4.15.14 THE BOSS' PERIODIC VISIT TO A-TOWN



This article originally appeared in the 4.15.14 issue of Metroland.

BRUCE SPRINGSTEEN AND THE E-STREET BAND

Times Union Center

May 13, 2014

            1.  Well, that was interesting.

            2.  Thank god for Tom Morello.

            It wasn’t a cookie-cutter show, that’s for sure.  The Boss & band began the final week of their five-month “High Hopes” tour with a wild, sometimes hysterical, sometimes bizarre three-hour show of oddities, covers, and requests.  It appears that Albany, believe it or not, is special Bruce place; I just read on a Springsteen fansite that the T-U is the only place he’s hit on every tour since the ‘90’s.  Which I don’t think is quite accurate, but, hey, somebody said it. 
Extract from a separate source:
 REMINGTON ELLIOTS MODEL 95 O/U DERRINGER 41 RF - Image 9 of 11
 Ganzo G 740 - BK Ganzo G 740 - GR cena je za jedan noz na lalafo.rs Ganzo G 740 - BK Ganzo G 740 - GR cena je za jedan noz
            If you’ve been following the YouTubes you know that this tour has featured unusual covers, usually related to the town the band was playing in.   Yes, I know what was being said around here, and no, I didn’t have my hopes up.  The mere idea is kind of silly.  But it was still a little weird that he opened with INXS’s “Don’t Change”, one of several native covers unleashed during the Aussie leg of the tour.   Then the set rambled on with a handful of album cuts... “Badlands” five songs in felt like a wake-up call.  But then, you know, these things are relative—a sleep-walking Springsteen is like almost anyone else at a full sprint.  Dude was, as usual, carrying on like his life depended on it.

            And then things turned seriously left.  He started pulling people onstage; he started playing requests.  He played “something we worked up in soundcheck”, a blazing version Roy Head’s classic “Treat Her Right”.  Now, the audience-on-stage thing is a good gimmick, it’s good schtick, and the dancing-with-Mom moment during an impromptu “Save The Last Dance For Me” was priceless.  But four straight songs of this?  I had one word stuck in my head and that word was “Englebert.”  Don’t hit me.  Oh, and they played their killer version of “Stayin’ Alive.”  Yes they did.

            The show ended as oddly as it started... and from my perspective “Badlands” was the only true flag-waver in the main set.  Which wasn’t a bad thing.  I mean, who does that these days?  And of course, the hour-plus cavalcade of hits “encore” took care of that omission in spades.  It was a crazy, spontaneous, loose, and ultimately cathartic ride.    

            Little Steven and Patty Scialfa were not in attendance.  But Tom Morello (Rage Against The Machine, Audioslave) most definitely was.  Holy. Freakin’. Moly. Talk about breathing new life... Morello’s solos, alternatively soaring rock-star wails and agro-noise, brought a startling new dimension to the proceedings, and improbably fit the E-Street Band like a loud hand in a louder glove.  And his vocal duet and guitar playing on “The Ballad of Tom Joad” was for me the emotional and musical high point of the show.

            Like all of the shows on this tour, this one will be available for download from Springsteen’s website, maybe even by the time you read this.  You know I’ll be on that like a fly on a meat wagon.